A random variable has aprobability function p(x)=kx; x=1,2,3,4,5.find the value of k, p(x>=3),compute mean and variance of x.
k(1+2+3+4+5) = 1
k = 1/15
p(3) = 3/15
p(4) = 4/15
p(5) = 5/15
so p (x>/=3) = 12/15 = 4/5
etc
To find the value of k, we can use the fact that the sum of the probabilities for all possible values of x must be equal to 1. In other words, the sum of p(x) for all x must be equal to 1.
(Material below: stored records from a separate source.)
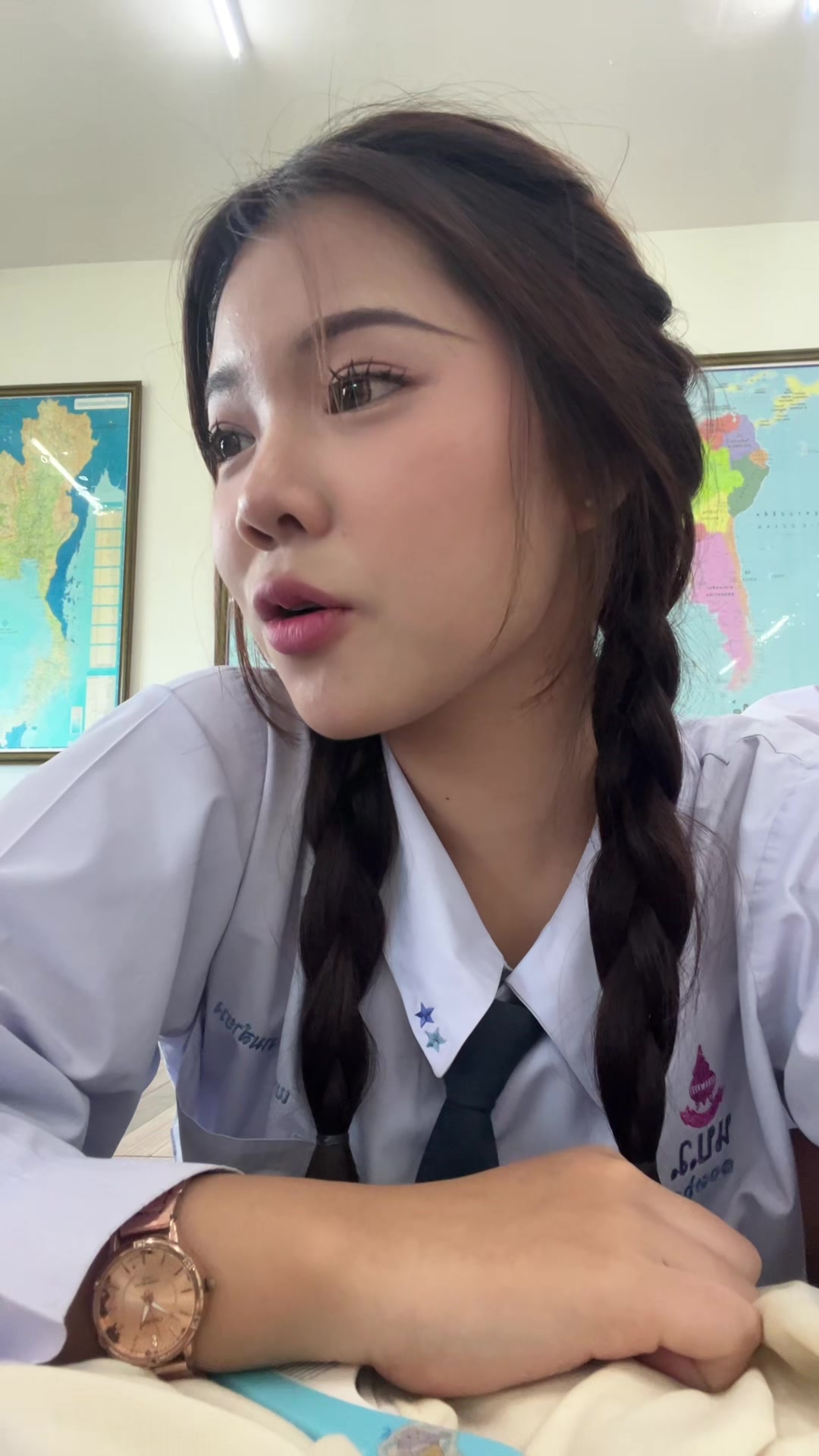 @ตุ๊กตาเพื่อนเรียกจี้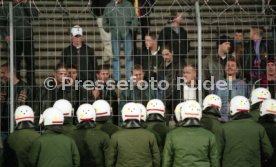 15.09.98 VfB Stuttgart - Feyenoord Rotterdam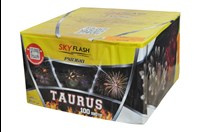 PXB3610 TAURUS 100s 20mm F3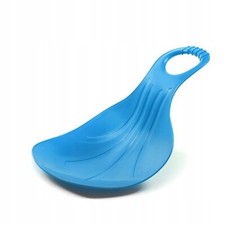 Kinderrodel Kinderschlitten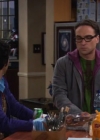 Charmed-Online-dot-net_TBBT-1x15-0197.jpg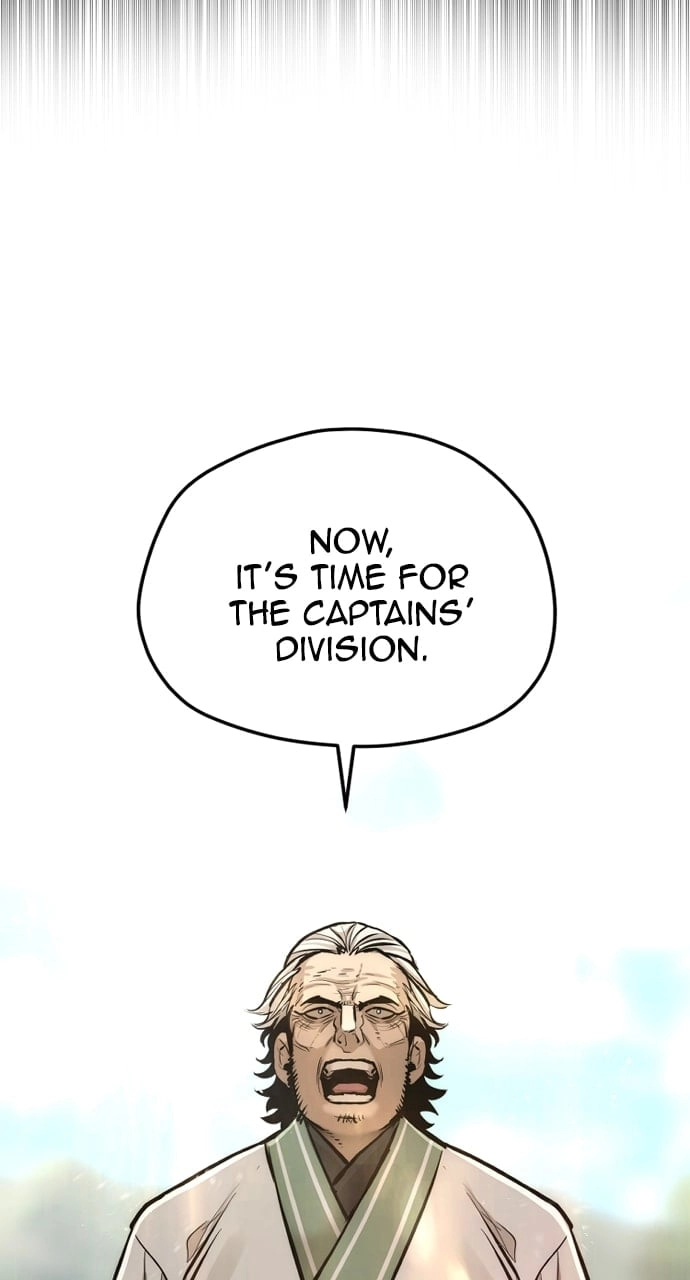 Murim RPG Simulation Chapter 88, page 26 of 150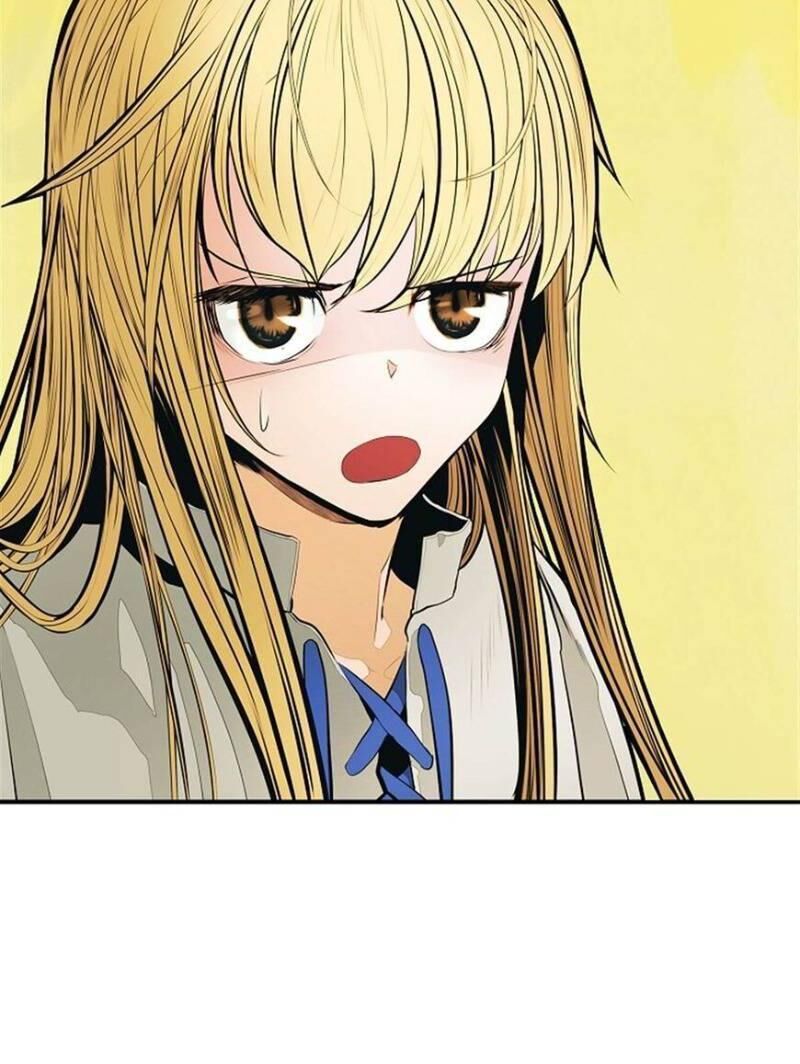 đọc truyện Bất Bại Chân Ma Chương 57 ảnh 11 tại Thiên Thai Truyện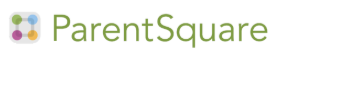 Parent Square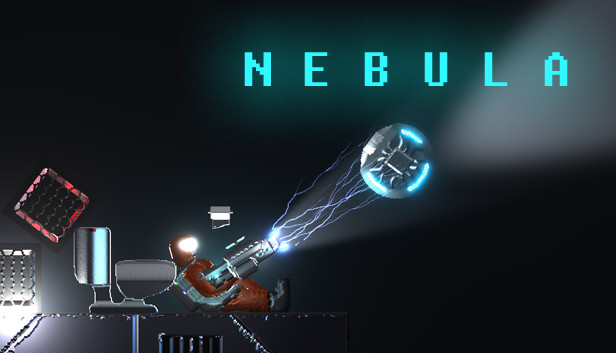 Nebula
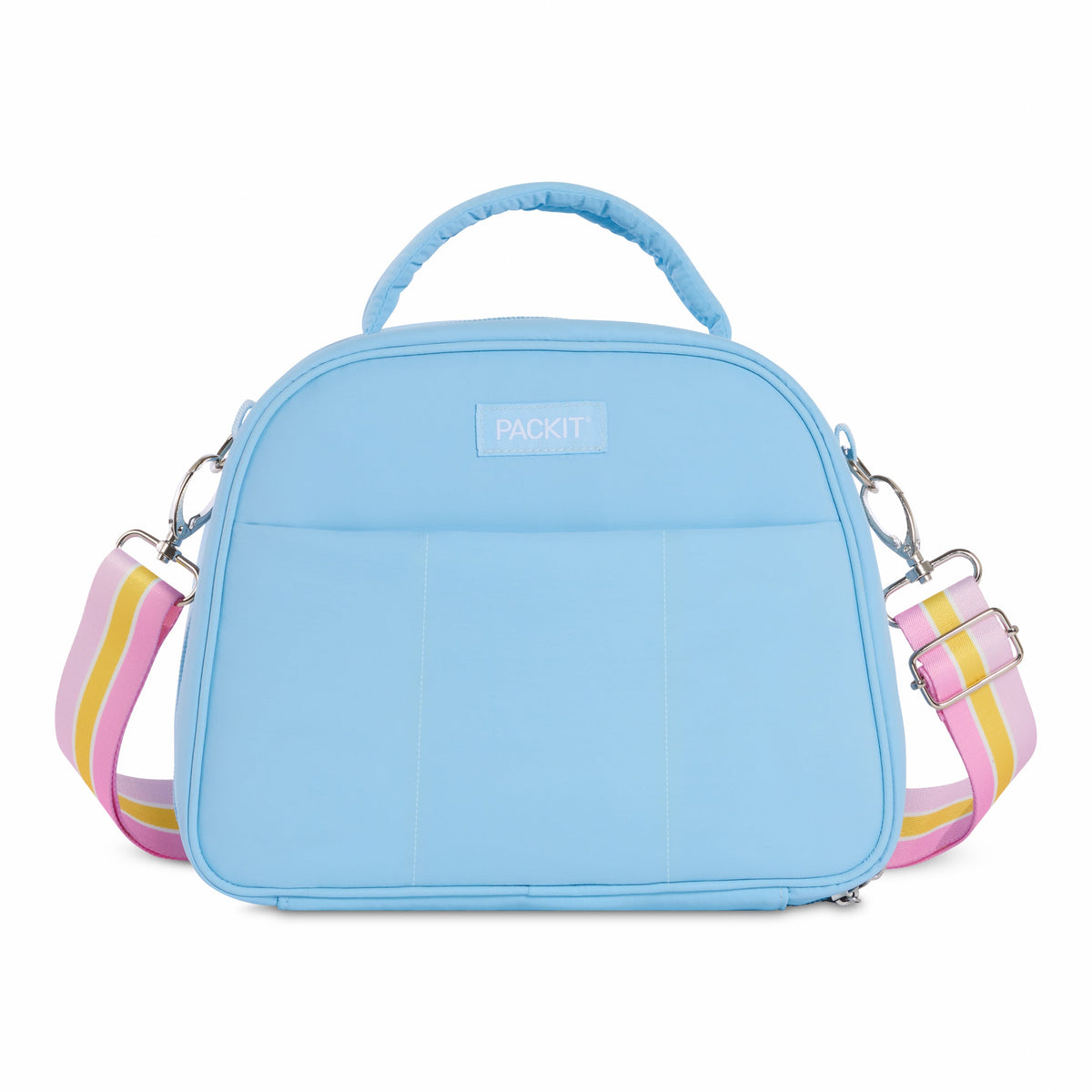 freezable-york-lunch-bag-v7 York-Lunch-Bag-Sky-Blue-Front-Down-Lores_1.jpg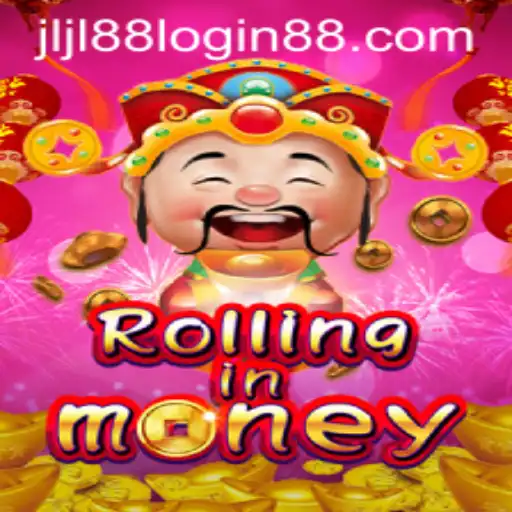 Exploring the Exciting World of RollingInMoney and Jljl88 cc login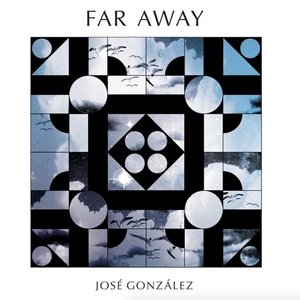 Image for 'Far Away'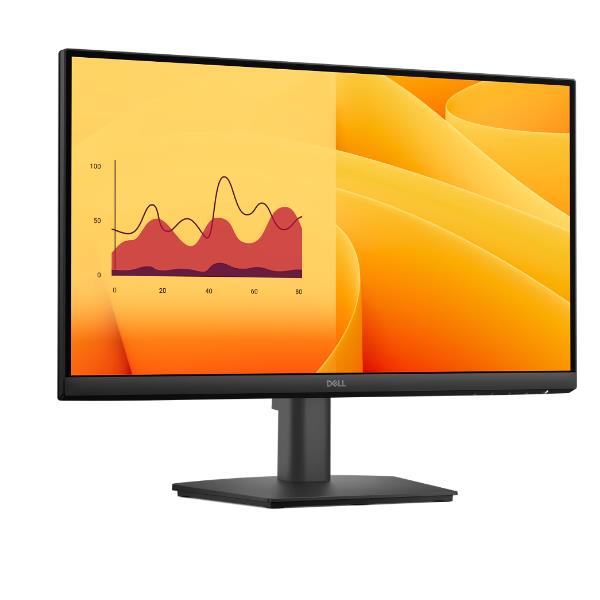 DELL E2225HM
Therefore, we can calculate k as follows:
p(1) + p(2) + p(3) + p(4) + p(5) = 1
k(1) + k(2) + k(3) + k(4) + k(5) = 1
k(1 + 2 + 3 + 4 + 5) = 1
k(15) = 1
k = 1/15
Now let's compute p(x >= 3):
p(x >= 3) means the probability of getting a value of x that is greater than or equal to 3. In this case, the possible values of x that satisfy this condition are 3, 4, and 5.
p(x >= 3) = p(x = 3) + p(x = 4) + p(x = 5)
= (1/15)(3) + (1/15)(4) + (1/15)(5)
= 3/15 + 4/15 + 5/15
= 12/15
= 4/5
Next, let's compute the mean of x:
The mean of a random variable is the weighted average of all possible values of x, with the probabilities serving as weights.
Mean (µ) = Σ (x * p(x)) for all possible values of x
= (1/15)(1) + (2/15)(2) + (3/15)(3) + (4/15)(4) + (5/15)(5)
= 1/15 + 4/15 + 9/15 + 16/15 + 25/15
= 55/15
= 11/3
Finally, let's compute the variance of x:
Variance is a measure of how spread out the values of a random variable are.
Variance (σ²) = Σ((x - µ)² * p(x)) for all possible values of x
= (1 - 11/3)²(1/15) + (2 - 11/3)²(2/15) + (3 - 11/3)²(3/15) + (4 - 11/3)²(4/15) + (5 - 11/3)²(5/15)
= (2/3)²(1/15) + (-1/3)²(2/15) + (4/3)²(3/15) + (7/3)²(4/15) + (10/3)²(5/15)
= 4/9 * 1/15 + 1/9 * 2/15 + 16/9 * 3/15 + 49/9 * 4/15 + 100/9 * 5/15
= 4/135 + 2/135 + 48/135 + 196/135 + 500/135
= 250/135
= 50/27
So, the value of k is 1/15, p(x >= 3) is 4/5, the mean of x is 11/3, and the variance of x is 50/27.